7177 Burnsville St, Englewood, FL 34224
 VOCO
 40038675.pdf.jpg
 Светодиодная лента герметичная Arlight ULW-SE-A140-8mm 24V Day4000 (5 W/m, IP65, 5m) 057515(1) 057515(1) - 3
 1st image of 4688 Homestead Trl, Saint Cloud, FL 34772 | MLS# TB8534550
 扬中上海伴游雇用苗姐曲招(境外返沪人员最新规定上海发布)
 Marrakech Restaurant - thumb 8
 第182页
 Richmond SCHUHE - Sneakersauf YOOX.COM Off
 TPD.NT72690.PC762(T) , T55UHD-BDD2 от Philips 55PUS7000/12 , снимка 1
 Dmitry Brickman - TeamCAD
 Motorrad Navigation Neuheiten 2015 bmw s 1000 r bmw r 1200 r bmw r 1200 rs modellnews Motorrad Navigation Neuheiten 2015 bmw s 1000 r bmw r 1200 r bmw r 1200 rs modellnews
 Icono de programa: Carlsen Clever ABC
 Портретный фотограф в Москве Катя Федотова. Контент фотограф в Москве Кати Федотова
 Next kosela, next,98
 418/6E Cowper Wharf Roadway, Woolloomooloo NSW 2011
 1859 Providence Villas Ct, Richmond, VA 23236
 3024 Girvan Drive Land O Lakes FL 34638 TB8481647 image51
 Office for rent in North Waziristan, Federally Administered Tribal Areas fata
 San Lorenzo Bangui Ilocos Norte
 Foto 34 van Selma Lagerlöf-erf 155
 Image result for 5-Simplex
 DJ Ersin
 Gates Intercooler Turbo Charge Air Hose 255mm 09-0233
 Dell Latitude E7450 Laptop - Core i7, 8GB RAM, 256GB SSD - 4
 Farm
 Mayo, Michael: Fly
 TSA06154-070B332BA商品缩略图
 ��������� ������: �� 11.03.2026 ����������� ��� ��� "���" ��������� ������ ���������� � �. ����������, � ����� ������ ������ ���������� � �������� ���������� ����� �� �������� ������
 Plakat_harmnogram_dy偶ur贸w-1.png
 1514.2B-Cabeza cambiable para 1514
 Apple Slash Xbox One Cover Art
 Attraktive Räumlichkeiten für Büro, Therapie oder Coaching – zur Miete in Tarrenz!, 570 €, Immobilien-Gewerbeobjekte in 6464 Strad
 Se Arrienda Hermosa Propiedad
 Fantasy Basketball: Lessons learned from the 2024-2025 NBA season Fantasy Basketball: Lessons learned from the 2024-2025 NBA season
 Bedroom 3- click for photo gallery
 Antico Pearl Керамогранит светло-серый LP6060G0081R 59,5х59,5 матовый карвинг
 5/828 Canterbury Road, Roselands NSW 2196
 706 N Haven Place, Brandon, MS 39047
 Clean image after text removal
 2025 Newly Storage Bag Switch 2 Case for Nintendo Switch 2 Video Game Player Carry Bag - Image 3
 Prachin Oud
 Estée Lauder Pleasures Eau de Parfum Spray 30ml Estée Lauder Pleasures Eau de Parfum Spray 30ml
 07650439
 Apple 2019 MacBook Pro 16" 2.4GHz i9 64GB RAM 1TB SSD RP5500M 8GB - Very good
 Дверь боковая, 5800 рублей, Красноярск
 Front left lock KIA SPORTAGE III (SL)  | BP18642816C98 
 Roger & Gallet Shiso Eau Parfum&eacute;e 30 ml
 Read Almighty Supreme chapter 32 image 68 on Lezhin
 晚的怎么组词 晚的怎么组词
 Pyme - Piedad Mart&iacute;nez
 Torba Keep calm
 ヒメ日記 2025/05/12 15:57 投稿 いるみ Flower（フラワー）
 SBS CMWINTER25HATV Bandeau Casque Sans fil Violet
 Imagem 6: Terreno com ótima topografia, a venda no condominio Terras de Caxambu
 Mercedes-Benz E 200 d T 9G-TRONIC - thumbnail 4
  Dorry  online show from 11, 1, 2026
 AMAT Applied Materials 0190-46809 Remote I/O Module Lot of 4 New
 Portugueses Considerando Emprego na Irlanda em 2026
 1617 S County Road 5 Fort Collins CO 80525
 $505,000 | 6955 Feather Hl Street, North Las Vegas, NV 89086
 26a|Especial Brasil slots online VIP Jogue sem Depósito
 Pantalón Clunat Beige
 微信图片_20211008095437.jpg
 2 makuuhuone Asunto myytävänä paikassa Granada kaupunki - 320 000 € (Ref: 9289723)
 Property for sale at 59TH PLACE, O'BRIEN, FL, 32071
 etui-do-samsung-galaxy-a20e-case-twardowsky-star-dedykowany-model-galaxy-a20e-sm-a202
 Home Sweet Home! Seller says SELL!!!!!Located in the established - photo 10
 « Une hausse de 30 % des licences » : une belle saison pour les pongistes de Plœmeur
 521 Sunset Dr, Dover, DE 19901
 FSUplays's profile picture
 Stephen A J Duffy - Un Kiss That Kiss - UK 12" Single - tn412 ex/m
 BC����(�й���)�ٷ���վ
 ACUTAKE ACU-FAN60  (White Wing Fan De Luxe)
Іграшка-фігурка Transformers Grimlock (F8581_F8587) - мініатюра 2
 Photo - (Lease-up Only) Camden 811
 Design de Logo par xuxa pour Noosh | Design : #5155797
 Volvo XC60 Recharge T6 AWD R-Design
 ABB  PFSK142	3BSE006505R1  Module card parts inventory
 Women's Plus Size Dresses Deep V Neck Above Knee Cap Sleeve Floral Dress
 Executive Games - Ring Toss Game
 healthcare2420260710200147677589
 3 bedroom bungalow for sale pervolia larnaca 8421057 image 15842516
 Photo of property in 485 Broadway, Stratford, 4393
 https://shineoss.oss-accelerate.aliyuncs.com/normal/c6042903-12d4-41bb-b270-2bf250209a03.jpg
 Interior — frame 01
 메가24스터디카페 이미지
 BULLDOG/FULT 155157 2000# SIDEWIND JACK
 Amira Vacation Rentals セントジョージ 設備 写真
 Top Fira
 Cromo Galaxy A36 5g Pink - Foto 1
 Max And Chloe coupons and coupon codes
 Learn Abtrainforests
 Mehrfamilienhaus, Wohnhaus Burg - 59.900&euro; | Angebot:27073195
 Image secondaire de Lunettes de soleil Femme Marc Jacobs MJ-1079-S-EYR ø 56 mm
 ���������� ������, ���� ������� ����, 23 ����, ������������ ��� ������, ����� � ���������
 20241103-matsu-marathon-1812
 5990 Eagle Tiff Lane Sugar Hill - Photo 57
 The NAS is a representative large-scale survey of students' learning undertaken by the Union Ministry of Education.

[Exercise requirements]
Taking the entries above, write out exactly each line from the one holding "Property for sale" to the one holding "Learn Abtrainforests", both included, and stop there.

[Reply]
 Property for sale at 59TH PLACE, O'BRIEN, FL, 32071
 etui-do-samsung-galaxy-a20e-case-twardowsky-star-dedykowany-model-galaxy-a20e-sm-a202
 Home Sweet Home! Seller says SELL!!!!!Located in the established - photo 10
 « Une hausse de 30 % des licences » : une belle saison pour les pongistes de Plœmeur
 521 Sunset Dr, Dover, DE 19901
 FSUplays's profile picture
 Stephen A J Duffy - Un Kiss That Kiss - UK 12" Single - tn412 ex/m
 BC����(�й���)�ٷ���վ
 ACUTAKE ACU-FAN60  (White Wing Fan De Luxe)
Іграшка-фігурка Transformers Grimlock (F8581_F8587) - мініатюра 2
 Photo - (Lease-up Only) Camden 811
 Design de Logo par xuxa pour Noosh | Design : #5155797
 Volvo XC60 Recharge T6 AWD R-Design
 ABB  PFSK142	3BSE006505R1  Module card parts inventory
 Women's Plus Size Dresses Deep V Neck Above Knee Cap Sleeve Floral Dress
 Executive Games - Ring Toss Game
 healthcare2420260710200147677589
 3 bedroom bungalow for sale pervolia larnaca 8421057 image 15842516
 Photo of property in 485 Broadway, Stratford, 4393
 https://shineoss.oss-accelerate.aliyuncs.com/normal/c6042903-12d4-41bb-b270-2bf250209a03.jpg
 Interior — frame 01
 메가24스터디카페 이미지
 BULLDOG/FULT 155157 2000# SIDEWIND JACK
 Amira Vacation Rentals セントジョージ 設備 写真
 Top Fira
 Cromo Galaxy A36 5g Pink - Foto 1
 Max And Chloe coupons and coupon codes
 Learn Abtrainforests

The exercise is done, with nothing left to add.